■ Exercise objective:
Every line below from the one containing "Ganesh Shivpriya cradles" through the one containing "women hiking along water" must be transcribed exactly. Omit all lines outside that stretch.

■ Data for analysis:
• • • •

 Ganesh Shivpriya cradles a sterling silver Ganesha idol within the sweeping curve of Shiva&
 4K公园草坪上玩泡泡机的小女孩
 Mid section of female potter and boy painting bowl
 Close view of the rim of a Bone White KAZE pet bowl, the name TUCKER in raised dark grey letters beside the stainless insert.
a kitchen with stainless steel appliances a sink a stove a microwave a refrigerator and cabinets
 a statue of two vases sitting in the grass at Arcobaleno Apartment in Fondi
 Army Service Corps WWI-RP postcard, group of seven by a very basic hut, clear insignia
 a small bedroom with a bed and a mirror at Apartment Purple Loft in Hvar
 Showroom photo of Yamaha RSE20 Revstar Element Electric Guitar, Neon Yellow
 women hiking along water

• • • •

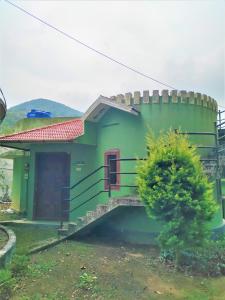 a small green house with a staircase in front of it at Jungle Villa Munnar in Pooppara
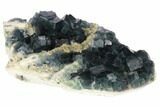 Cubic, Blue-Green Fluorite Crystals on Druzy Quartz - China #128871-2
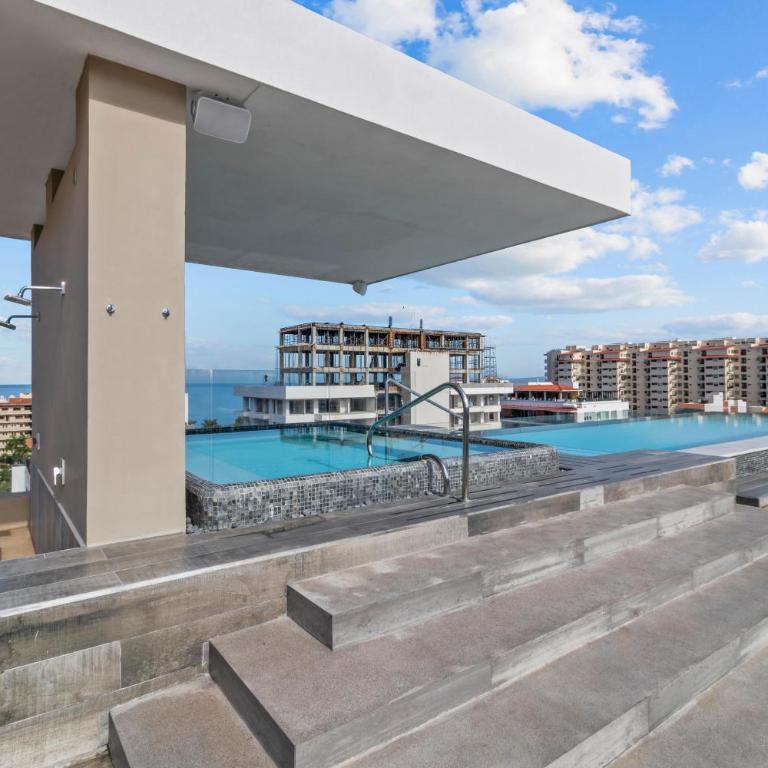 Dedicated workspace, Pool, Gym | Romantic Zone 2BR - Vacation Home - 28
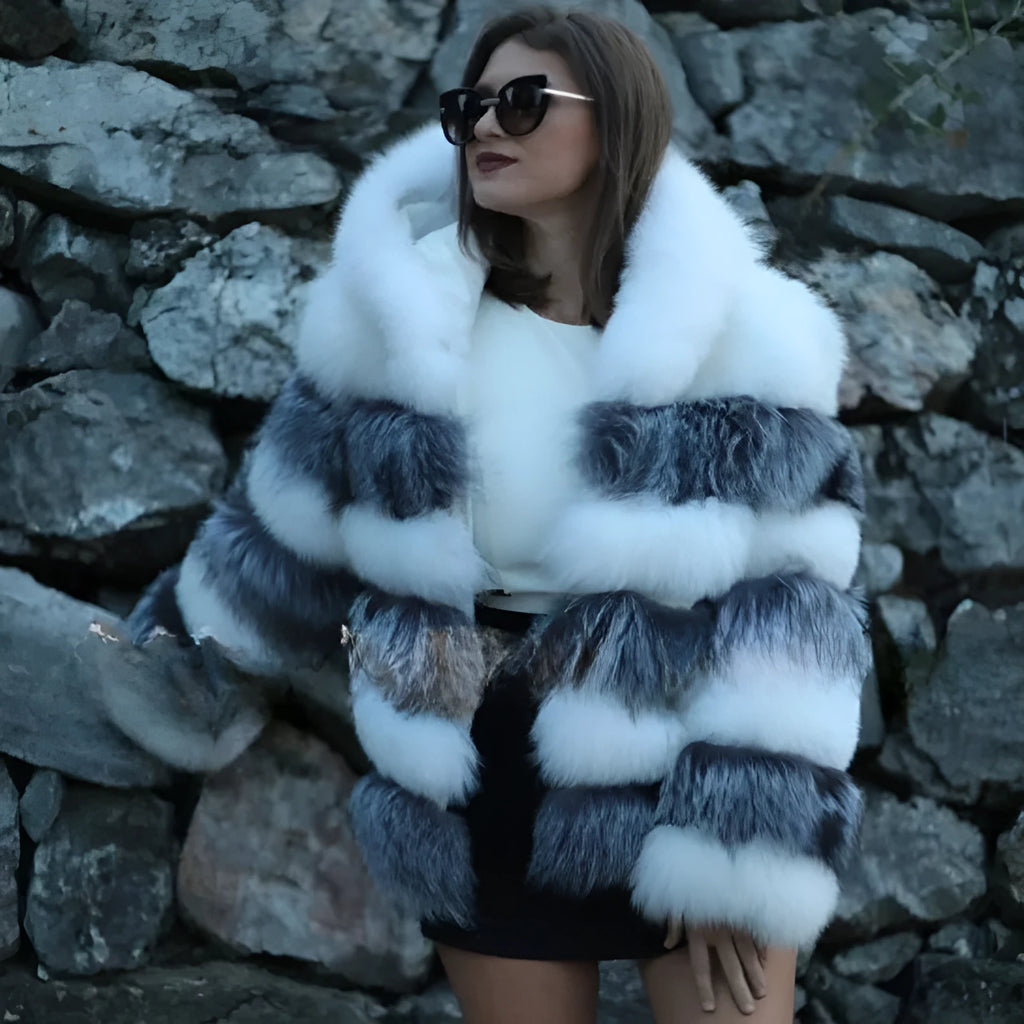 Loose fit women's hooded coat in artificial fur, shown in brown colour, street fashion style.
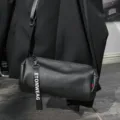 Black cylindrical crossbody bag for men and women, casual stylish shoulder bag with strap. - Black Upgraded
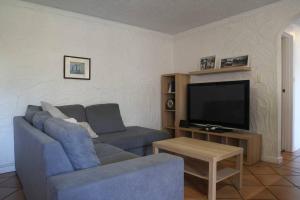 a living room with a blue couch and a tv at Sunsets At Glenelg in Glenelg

• • • •

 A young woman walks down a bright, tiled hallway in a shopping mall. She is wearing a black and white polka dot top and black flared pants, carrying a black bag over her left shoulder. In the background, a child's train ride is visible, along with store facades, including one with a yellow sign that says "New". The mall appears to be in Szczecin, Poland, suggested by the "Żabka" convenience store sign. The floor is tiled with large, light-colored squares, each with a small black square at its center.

• • • •

■ Solution to this problem:
 Ganesh Shivpriya cradles a sterling silver Ganesha idol within the sweeping curve of Shiva&
 4K公园草坪上玩泡泡机的小女孩
 Mid section of female potter and boy painting bowl
 Close view of the rim of a Bone White KAZE pet bowl, the name TUCKER in raised dark grey letters beside the stainless insert.
a kitchen with stainless steel appliances a sink a stove a microwave a refrigerator and cabinets
 a statue of two vases sitting in the grass at Arcobaleno Apartment in Fondi
 Army Service Corps WWI-RP postcard, group of seven by a very basic hut, clear insignia
 a small bedroom with a bed and a mirror at Apartment Purple Loft in Hvar
 Showroom photo of Yamaha RSE20 Revstar Element Electric Guitar, Neon Yellow
 women hiking along water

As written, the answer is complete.